Exercise ▸ Aside from the pictures, the entries should be given again exactly.

Stored data:
——————
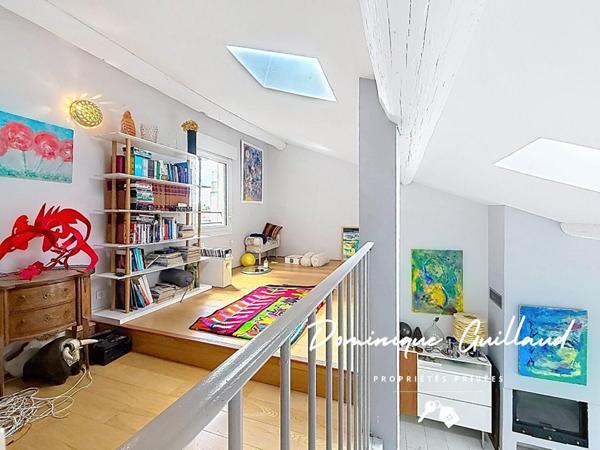 Nîmes Arènes -Duplex 5 piècès 173 m2 avec terrasse et loggia de 50m2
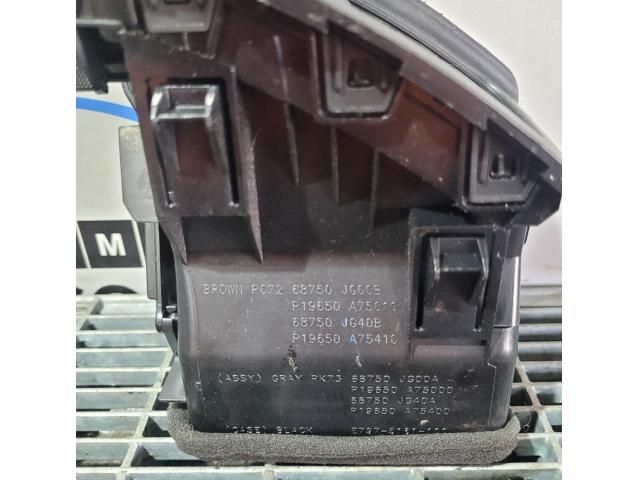 bontott NISSAN X-TRAIL II Középső Szellőző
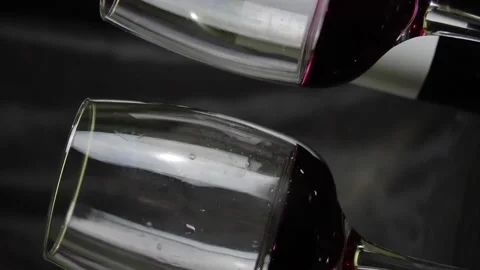 Glass of red wine on a dark background. Slow motion Vídeo Stock 163374455
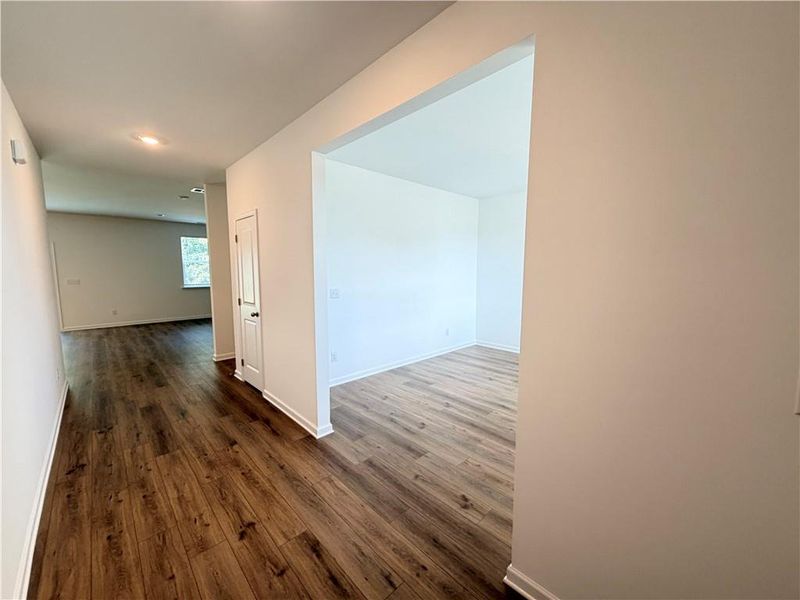 Spacious, unfurnished interior of a new home in Apalachee Hills, Bethlehem (Image 10).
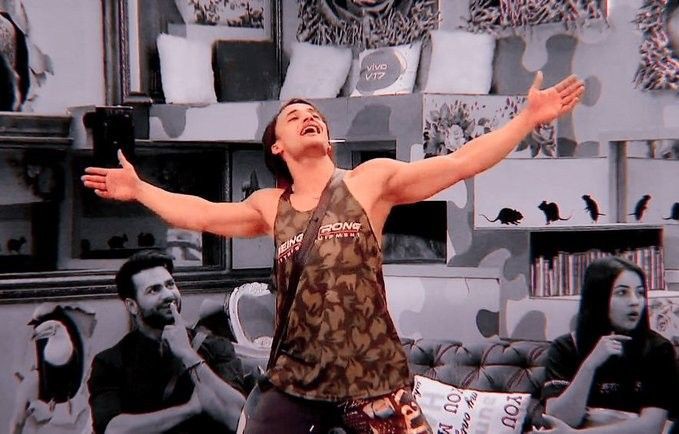 This pose of #AsimRiaz = whole #BiggBoss existence 😌
Agree? 

@imrealasim 
#AsimSquad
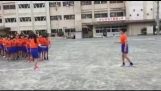 Deca konopac za skakanje u Japanu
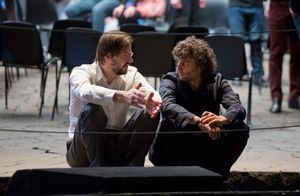 Baritone Peter Mattei, who sings Amfortas, and Jonas Kaufmann, who sings Parsifal, during a rehearsal break. @ BroadwayWorld Baritone Peter Mattei, who sings Amfortas, and Jonas Kaufmann, who sings Parsifal, du Photo
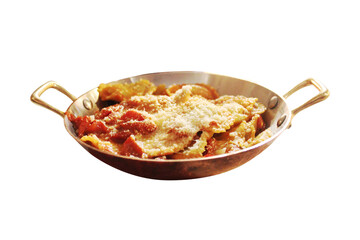 Ravioli ricotta épinard, sauce rouge, tomates cerises et parmesan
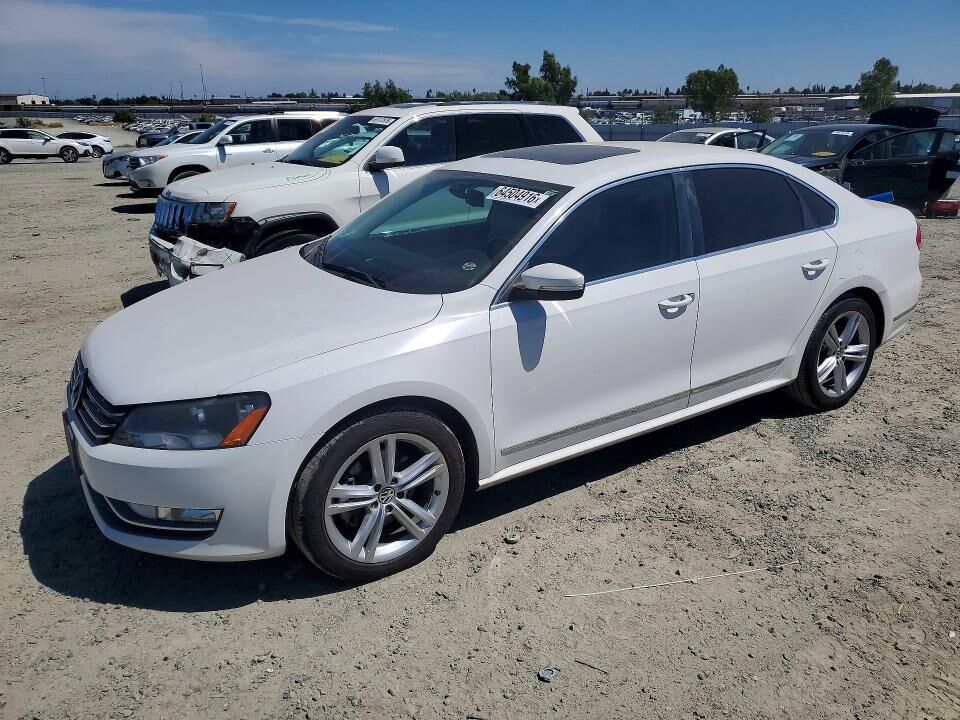 2012 VOLKSWAGEN Passat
——————
Written solution ▸
 Nîmes Arènes -Duplex 5 piècès 173 m2 avec terrasse et loggia de 50m2
 bontott NISSAN X-TRAIL II Középső Szellőző
 Glass of red wine on a dark background. Slow motion Vídeo Stock 163374455
 Spacious, unfurnished interior of a new home in Apalachee Hills, Bethlehem (Image 10).
 This pose of #AsimRiaz = whole #BiggBoss existence 😌
Agree? 

@imrealasim 
#AsimSquad
 Deca konopac za skakanje u Japanu
 Baritone Peter Mattei, who sings Amfortas, and Jonas Kaufmann, who sings Parsifal, during a rehearsal break. @ BroadwayWorld Baritone Peter Mattei, who sings Amfortas, and Jonas Kaufmann, who sings Parsifal, du Photo
 Ravioli ricotta épinard, sauce rouge, tomates cerises et parmesan
 2012 VOLKSWAGEN Passat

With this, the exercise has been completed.